What Is Guitar Scale Length? The scale length of the guitar and bass refers to the sounding length of the instrument strings. It is the length between the nut and the saddle. A guitar’s scale length can be calculated by measuring the distance from the front edge of the nut up until it reaches the fingerboard to the center of the 12th-octave fret, then double the measurement.
A Must-Read: How Much Is A Bass Guitar?
Scale length makes a lot of difference depending on its size and measurement. It affects the whole tone, feelings, and playability of a guitar. Here is why guitar scale length is an essential factor to consider when buying a guitar.
A longer scale length means the gaps for every fret will be more extensive. From a beginner’s perspective, this will pose a big challenge to every individual who just started learning.
For some guitarists, the fret spacing won’t affect the entire playability. But it will affect the comfortability when playing. Golden rule: if you have small hands, buy a shorter scale guitar.
The longer the scale, the more tension will be applied to your strings to achieve a particular pitch. The more tension it gets, the tighter it will be in gauge strings. String tension plays a significant role in playability and musicality.
One of the reasons why most musicians prefer Les Paul over Strat when it comes to big bends is because Gibson is slightly shorter. It makes it easier to perform bends.
The Part Played By String Gauge
One of the things that need consideration is the string gauge. Shifting up gauge strings increases their tension. For example, if your guitar is in standard tuning, and you made changes like Drop C, you will feel that the strings become quite slack. Scale length and string gauge need to go hand in hand, and it is one of the key points to remember.
Shaping The Tone Of The Guitar
Whether your guitar is hardtail or a vibrato-enabled, set-neck, or single-coil, the scale length influences the whole tone and character of the sound.

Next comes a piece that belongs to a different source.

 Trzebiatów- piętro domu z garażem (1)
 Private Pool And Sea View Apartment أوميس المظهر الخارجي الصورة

The scale determines where the harmonics and overtone occurs and eventually gives the guitar its voice in the most fundamental way. The spaces of harmonics on strings will give an impression of an exquisite shimmer and chimes and produces a tighter low E tone. On the other hand, strings that land on a shorter scale produce more closely packed harmonics and increases the thickness and warmth of the tone.

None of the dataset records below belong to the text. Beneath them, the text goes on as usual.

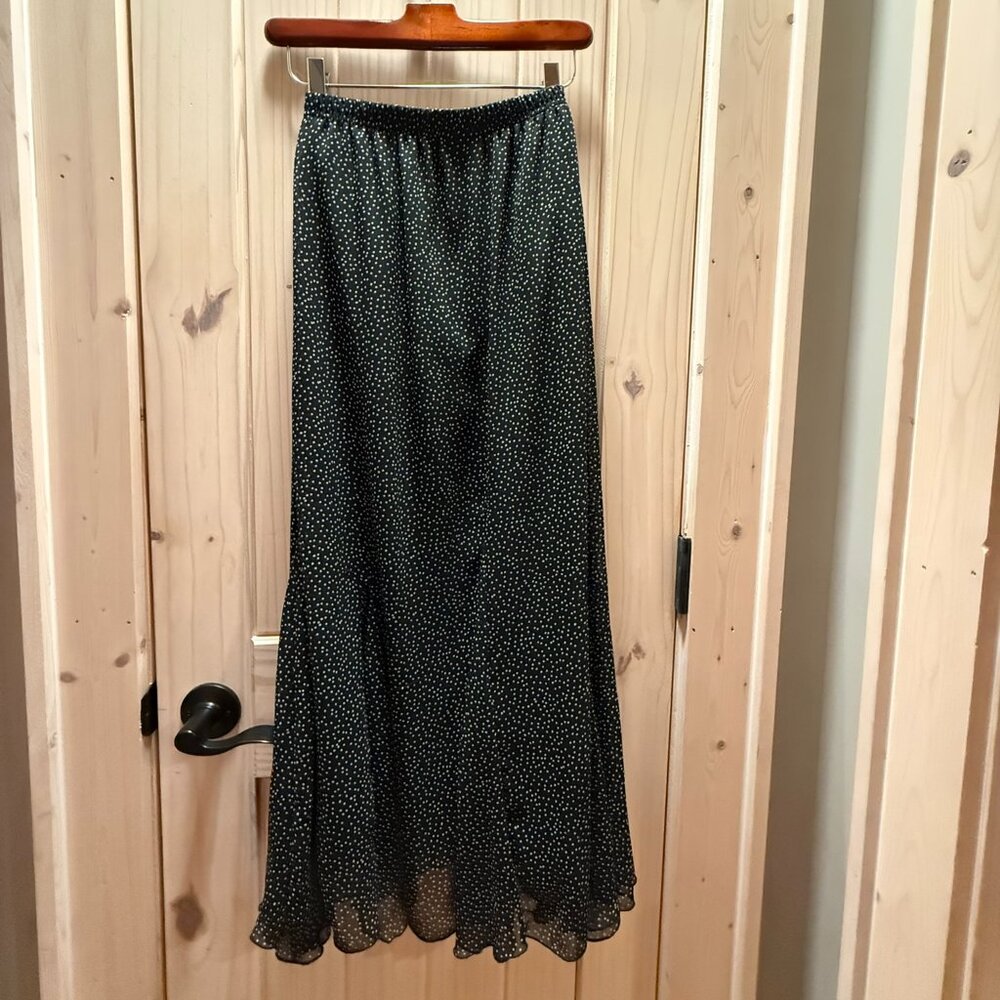 Cato Woman, black and white skirt, good condition, Size 18/20W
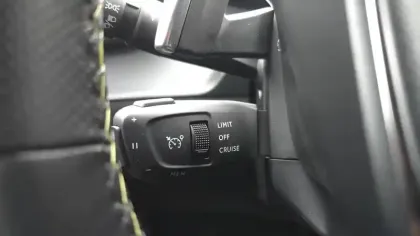 Photo 29 Peugeot 2008  Hybrid 136 e-DCS6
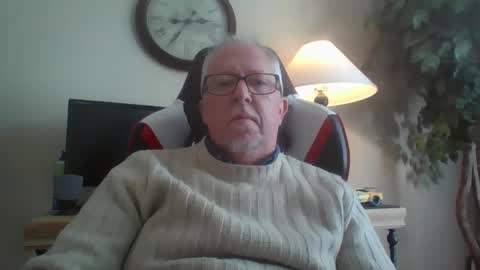 Snapshot of 72funguy71 chatting on 13, 12, 2024 72funguy71 online show from 13, 12, 2024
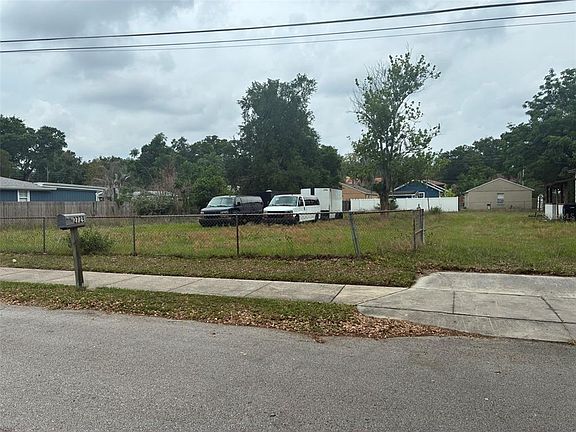 2nd image of 2726 S BROWN AVENUE LOT 135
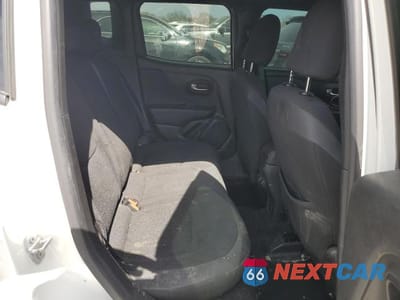 Zdjęcie 10 z 13 samochodu: 2022 JEEP RENEGADE ALTITUDE VIN:ZACNJDE19NPN68323 - miniatura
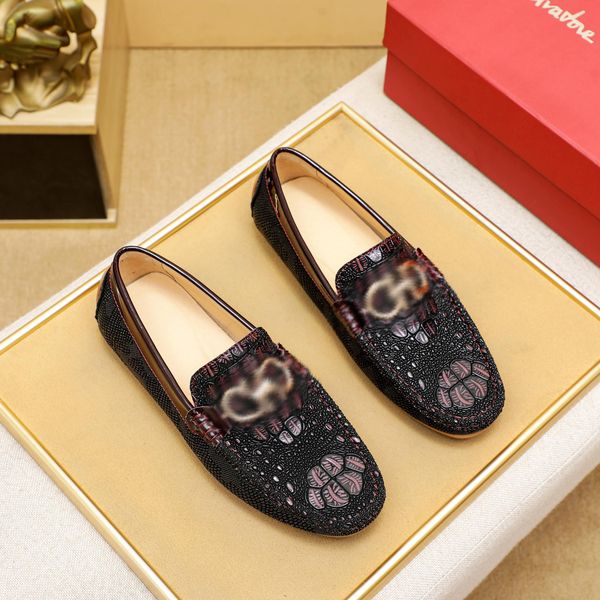 designer's latest casual shoes bean shoes men's abrasive leather shoes business rubber non-slip outsole cover shoes, Black
designer's latest casual shoes bean shoes men's abrasive leather shoes business rubber non-slip outsole cover shoes, Black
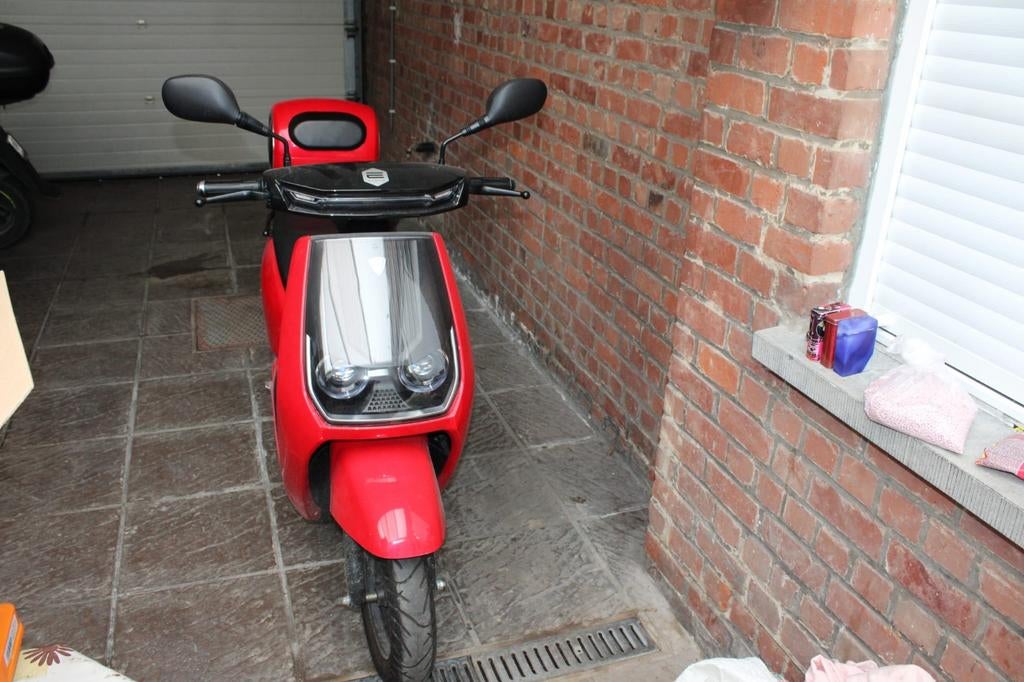 Milano electrische scooter, Fietsen en Brommers, Ophalen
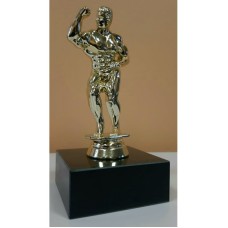 Figuur Atleet F43 graniitalusel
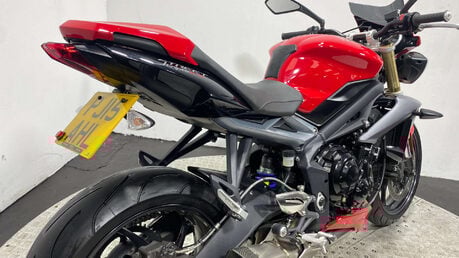 Triumph Street Triple OUTSTANDING CONDITION 2015 4K 3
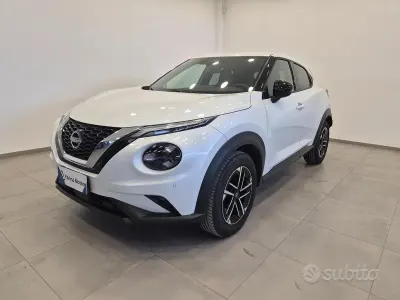 Usata Nissan Juke N-Connecta 114 CV (83 kW) 2024 Verde SUV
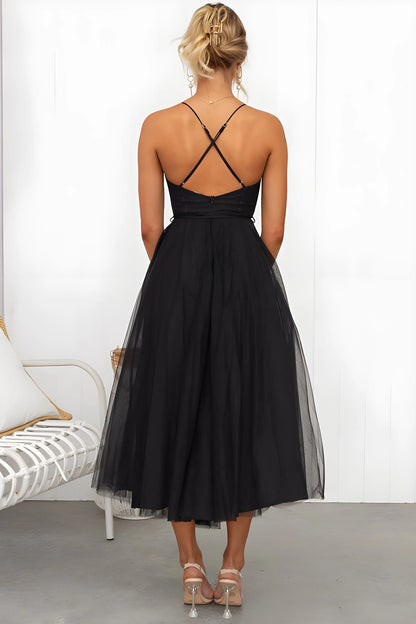 Women's Elegant Flowy Maxi Wedding Guest Dress with Sweetheart Neckline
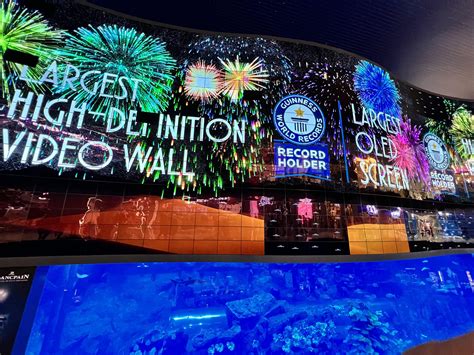 What type of PC / Server would be behind this massive display in Dubai ...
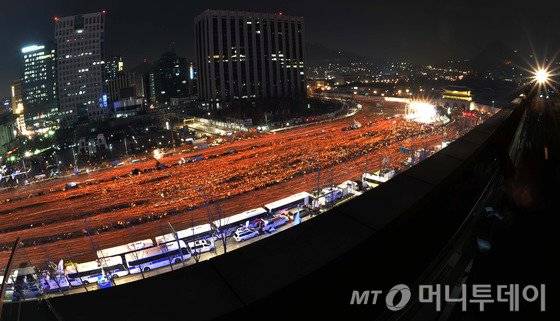 '촛불의 선전포고-박근혜 즉각 퇴진의 날' 6차 촛불집회가 열린 3일 서울 광화문 일대에 모인 시민들이 촛불을 높이 들고 청와대 방향으로 행진하고 있다. 대통령 탄핵안 처리를 6일 앞두고 전국 70여 개 도시에서 동시다발로 개최된 이날 촛불집회에는 서울 150만 명, 지방 45만 명 등 200만명에 육박하는 사상 최대의 시민들이 참석해 박근혜 대통령의 즉각 퇴진을 촉구했다. 2016.12.3/뉴스1 <저작권자 © 뉴스1코리아, 무단전재 및 재배포 금지>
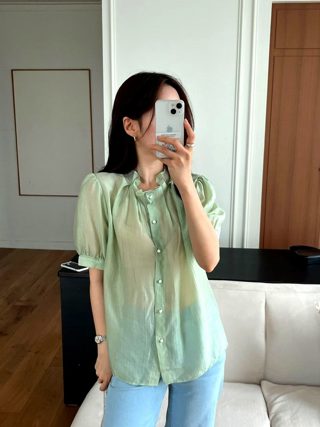 浅绿色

If you picked up two guitars, with almost identical appearances but one of each is three quarters off, you are likely to find yourself playing differently. That slightly off measurement makes a surprising difference the moment you started playing. Not only the feeling you have in your fingertips, and their elasticity but also the impression on your subconscious altering your style, like muscle memory.
Overall, scale length plays an essential role in playability, tonality, and headroom. All players are well informed to take all of this into consideration. Magic does exist when a good material and excellent design come together in a package that’s just right up your alley.